A mídia parece que mais nos afasta do que nos une, com a confiança, mãe de todas as relações, se corroendo paulatinamente


24 de julho de 2024 - 6h00

“Você” foi a pessoa do ano, capa da revista Time em 2006, ao invés de personalidades eleitas pela revista todos os anos em suas edições de dezembro. Conteúdos gerados pelos usuários na internet, milhões de pessoas ajudando umas às outras on-line, a contribuição de muitos tomando o poder de poucos (veículos e jornalistas). Uma ilusão que se tornou um pesadelo.

A confiança nas notícias está despencando ladeira abaixo, com o Brasil no topo da lista, 19 pontos percentuais de queda nos últimos dez anos, de 2015 a 2024. Na sequência aparecem a Alemanha, com 17 pontos de queda e a Inglaterra, com 15 pontos percentuais abaixo no mesmo período. Um fenômeno global contabilizado pelo estudo anual “Digital News Report”, que pesquisou em 2024, 46 países, em todos os continentes. As fontes que mais se alteram são o crescimento de acesso a notícias pelas redes sociais (+44%) e a queda de busca por informação na mídia impressa (-70%) e na televisão (-32%), na média dos três países.

Com mais meios de comunicação e possibilidades infinitas de conexão entre as pessoas, a mídia parece que mais nos afasta do que nos une, com a confiança, mãe de todas as relações, se corroendo paulatinamente. As telas, que seriam filtros para o mundo, tornam-se lentes que distorcem a realidade. Aquela que deveria explicar e informar, mais complica, manipula e mente.

O pesadelo da falta de confiança segue no entretenimento, que vai se deteriorando on-line, com a distração, remédio do cotidiano, se transformando em veneno. O potencial poder nas palmas das mãos, sugerindo que tudo poderia acontecer, cria somente um looping de expectativa e desilusão, sem nenhum benefício. Vagando por conteúdos fúteis, nem sempre inúteis e acontecimentos relevantes, nem sempre importantes, a diversão nunca chega.

De provável dono das redes, “Você” se tornou apenas mais um dos usuários, como aqueles das drogas. Um produto que na maioria das vezes não ganha nada pelas vendas que gera on-line. “Você” ficou refém da tecnologia, com a atenção monetizada roubando seu tempo escasso, servindo apenas ao lucro dos outros.

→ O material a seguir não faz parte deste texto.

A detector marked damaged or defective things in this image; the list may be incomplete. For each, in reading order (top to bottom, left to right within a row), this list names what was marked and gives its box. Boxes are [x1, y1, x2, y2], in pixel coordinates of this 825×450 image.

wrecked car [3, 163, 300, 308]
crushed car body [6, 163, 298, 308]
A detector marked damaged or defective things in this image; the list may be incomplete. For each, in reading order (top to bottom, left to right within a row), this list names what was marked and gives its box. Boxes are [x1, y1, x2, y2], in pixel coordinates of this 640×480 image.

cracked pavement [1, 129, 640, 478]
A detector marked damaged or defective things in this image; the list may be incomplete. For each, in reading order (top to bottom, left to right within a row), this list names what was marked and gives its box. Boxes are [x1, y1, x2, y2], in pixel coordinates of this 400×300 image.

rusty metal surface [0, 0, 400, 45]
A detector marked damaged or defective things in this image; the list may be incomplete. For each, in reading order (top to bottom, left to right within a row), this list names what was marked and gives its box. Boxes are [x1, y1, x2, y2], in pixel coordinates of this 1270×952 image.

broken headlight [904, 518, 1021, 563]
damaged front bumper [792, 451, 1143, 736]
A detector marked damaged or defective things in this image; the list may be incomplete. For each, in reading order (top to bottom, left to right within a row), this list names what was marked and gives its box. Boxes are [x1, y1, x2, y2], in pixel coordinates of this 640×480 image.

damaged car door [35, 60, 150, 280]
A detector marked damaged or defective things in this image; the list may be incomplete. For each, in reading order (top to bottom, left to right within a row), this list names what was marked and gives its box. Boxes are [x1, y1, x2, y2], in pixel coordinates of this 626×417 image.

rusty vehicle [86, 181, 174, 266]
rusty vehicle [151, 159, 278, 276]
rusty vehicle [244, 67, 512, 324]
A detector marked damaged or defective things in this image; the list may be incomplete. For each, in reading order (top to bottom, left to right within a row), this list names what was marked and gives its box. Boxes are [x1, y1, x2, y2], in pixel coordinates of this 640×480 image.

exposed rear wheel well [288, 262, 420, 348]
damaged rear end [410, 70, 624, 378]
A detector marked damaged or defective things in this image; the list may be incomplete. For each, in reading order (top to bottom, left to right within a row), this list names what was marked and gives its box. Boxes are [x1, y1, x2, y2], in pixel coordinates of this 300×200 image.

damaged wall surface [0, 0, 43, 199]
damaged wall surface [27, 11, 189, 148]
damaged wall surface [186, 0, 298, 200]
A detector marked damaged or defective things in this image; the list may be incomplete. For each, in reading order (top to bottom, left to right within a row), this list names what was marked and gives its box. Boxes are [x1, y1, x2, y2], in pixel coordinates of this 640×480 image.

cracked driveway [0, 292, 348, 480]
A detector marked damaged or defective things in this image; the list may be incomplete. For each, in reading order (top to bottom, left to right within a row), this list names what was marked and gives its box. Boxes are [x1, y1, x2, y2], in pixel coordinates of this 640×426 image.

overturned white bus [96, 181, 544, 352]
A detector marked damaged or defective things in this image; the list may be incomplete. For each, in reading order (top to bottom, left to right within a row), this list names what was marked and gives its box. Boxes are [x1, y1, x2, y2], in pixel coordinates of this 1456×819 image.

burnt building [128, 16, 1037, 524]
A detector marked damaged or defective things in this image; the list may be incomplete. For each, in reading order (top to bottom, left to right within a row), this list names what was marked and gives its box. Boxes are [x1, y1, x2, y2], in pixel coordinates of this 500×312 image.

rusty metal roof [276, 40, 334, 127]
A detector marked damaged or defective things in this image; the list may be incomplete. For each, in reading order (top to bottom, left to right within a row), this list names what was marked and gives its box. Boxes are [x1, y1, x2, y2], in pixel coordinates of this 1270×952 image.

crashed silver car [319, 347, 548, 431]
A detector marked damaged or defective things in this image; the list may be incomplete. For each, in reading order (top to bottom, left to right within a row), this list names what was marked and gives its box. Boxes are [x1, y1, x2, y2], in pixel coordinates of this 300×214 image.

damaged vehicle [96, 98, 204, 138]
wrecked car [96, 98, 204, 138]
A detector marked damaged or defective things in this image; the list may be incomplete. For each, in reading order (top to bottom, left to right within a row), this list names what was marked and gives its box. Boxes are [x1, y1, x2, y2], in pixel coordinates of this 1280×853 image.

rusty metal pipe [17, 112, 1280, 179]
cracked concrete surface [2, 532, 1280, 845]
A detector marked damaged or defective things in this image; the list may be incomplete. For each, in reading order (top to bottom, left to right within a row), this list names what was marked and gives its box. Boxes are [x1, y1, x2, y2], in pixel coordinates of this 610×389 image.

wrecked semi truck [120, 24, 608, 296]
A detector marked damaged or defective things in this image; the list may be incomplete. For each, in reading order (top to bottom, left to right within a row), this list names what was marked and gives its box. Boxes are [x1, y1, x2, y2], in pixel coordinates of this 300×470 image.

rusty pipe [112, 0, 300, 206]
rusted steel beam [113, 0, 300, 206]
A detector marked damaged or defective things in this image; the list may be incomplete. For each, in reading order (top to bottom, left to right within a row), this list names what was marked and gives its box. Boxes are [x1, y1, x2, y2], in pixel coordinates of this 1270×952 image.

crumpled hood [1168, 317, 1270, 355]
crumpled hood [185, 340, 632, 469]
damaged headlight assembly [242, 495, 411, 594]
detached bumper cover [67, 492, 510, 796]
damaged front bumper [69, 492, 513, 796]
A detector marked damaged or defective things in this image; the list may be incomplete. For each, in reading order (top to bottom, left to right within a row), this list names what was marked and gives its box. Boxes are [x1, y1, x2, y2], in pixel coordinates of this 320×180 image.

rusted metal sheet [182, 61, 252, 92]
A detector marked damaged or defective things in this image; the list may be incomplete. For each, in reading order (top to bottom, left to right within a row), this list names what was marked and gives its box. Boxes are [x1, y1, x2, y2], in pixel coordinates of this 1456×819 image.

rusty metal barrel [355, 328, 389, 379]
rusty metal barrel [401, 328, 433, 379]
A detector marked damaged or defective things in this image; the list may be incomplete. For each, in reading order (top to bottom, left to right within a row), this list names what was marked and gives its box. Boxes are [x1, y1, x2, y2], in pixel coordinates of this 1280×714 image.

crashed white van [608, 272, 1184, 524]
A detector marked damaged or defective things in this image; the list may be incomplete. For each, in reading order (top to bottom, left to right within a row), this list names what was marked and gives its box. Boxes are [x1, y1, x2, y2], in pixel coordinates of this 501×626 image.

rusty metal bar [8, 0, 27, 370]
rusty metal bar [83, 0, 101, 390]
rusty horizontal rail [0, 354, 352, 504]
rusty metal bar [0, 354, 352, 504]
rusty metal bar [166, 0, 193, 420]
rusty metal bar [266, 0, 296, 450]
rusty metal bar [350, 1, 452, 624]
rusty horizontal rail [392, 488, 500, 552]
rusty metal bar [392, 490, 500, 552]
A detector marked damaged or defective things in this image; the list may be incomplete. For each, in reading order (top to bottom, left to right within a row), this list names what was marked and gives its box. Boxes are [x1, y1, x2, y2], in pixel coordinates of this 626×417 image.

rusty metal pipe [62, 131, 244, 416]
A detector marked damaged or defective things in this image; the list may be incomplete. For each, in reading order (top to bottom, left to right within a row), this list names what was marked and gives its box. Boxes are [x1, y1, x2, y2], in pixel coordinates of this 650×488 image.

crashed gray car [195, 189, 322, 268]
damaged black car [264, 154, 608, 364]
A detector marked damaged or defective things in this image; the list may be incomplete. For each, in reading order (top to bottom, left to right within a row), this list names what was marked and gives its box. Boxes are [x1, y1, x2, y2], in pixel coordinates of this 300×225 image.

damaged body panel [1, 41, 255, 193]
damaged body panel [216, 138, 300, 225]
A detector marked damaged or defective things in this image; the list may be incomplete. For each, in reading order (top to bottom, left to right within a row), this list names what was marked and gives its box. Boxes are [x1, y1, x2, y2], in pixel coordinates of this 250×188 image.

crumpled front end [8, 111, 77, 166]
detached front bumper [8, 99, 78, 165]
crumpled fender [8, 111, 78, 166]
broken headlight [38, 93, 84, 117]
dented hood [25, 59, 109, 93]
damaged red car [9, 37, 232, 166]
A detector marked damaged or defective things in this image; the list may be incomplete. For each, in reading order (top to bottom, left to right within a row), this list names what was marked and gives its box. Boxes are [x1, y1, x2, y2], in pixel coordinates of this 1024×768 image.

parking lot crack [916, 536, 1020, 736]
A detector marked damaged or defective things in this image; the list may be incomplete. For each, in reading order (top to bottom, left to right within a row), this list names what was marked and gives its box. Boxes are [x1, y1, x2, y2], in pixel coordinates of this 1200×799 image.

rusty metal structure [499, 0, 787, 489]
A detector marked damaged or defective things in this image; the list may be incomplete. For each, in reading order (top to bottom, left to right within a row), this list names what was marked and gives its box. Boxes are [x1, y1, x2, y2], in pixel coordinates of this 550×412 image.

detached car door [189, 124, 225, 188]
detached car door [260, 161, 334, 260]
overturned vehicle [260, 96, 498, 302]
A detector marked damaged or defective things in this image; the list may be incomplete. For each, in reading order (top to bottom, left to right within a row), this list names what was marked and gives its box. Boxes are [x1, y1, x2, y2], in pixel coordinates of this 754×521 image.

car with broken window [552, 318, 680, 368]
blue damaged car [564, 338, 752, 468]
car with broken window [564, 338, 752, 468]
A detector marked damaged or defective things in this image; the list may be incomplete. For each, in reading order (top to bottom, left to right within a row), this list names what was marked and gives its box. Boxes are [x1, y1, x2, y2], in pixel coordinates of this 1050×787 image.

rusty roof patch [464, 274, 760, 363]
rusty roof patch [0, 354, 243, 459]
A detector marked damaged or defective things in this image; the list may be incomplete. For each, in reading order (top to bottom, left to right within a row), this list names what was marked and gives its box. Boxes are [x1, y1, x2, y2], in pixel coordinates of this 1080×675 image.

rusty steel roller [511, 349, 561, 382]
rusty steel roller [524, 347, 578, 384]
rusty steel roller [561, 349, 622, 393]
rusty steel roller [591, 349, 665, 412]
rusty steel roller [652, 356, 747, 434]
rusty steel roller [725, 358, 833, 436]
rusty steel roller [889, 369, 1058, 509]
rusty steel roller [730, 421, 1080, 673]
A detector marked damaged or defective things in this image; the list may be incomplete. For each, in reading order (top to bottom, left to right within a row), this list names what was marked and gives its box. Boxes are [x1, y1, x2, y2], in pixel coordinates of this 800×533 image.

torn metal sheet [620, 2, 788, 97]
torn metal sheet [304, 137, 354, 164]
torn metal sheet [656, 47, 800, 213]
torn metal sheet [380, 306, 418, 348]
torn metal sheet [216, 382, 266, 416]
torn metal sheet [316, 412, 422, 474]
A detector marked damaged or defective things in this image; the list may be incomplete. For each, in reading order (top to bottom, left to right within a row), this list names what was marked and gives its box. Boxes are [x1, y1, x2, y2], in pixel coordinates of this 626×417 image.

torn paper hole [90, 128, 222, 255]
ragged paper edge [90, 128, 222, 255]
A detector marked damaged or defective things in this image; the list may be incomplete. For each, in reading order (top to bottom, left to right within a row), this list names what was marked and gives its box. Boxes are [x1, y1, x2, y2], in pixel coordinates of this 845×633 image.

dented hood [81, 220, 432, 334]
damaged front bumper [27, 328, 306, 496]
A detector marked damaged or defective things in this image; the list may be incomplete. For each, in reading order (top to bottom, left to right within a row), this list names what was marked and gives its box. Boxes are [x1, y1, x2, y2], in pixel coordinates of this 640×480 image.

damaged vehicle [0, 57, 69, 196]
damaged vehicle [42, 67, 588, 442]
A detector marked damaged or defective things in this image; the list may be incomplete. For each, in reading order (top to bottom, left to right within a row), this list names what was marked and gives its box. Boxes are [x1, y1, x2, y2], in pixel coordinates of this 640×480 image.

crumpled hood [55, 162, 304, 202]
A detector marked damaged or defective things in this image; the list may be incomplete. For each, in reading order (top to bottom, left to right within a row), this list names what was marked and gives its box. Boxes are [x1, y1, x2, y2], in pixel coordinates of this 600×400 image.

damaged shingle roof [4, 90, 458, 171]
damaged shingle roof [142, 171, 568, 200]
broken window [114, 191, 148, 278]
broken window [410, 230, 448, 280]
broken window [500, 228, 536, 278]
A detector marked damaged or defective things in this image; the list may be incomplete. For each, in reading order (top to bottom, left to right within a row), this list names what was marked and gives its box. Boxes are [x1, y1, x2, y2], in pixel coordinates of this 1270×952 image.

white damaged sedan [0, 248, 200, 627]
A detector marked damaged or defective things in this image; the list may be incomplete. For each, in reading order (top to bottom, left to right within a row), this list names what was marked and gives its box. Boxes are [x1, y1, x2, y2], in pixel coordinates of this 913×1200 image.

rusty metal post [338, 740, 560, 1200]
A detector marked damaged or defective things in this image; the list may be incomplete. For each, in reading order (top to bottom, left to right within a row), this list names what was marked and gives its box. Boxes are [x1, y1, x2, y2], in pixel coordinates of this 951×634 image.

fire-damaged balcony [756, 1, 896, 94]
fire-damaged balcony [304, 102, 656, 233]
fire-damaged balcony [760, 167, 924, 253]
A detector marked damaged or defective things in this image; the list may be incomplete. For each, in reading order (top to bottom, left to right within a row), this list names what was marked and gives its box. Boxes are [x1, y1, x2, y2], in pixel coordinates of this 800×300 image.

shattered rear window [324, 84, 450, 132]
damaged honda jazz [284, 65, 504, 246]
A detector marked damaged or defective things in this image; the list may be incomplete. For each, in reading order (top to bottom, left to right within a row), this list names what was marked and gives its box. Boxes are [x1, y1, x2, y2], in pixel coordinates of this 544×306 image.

Algoritmos direcionados para “Você” aproveitam a tendência de o cérebro humano valorizar mais aquilo que apavora, disseminando pânico e desconfiança, afastando a verdade dos fatos, contribuindo para um mundo cada vez mais emotivo, fragmentado e radical. De um lado ficam os paranoicos e hipercéticos, do outro os apáticos e paralisados, com a inteligência coletiva, princípio natural e impositivo para superação humana, substituída pela ignorância acumulada.

Como todos sabem, raposas não podem cuidar de galinheiros. Raposas são as empresas que controlam o ecossistema global de informações, aquelas 5 letrinhas que ainda não têm um novo acrônimo (Facebook, Amazon, Apple, Netflix e Google – Faang). Galinheiro são as redes sociais, e as galinhas são… “Você”!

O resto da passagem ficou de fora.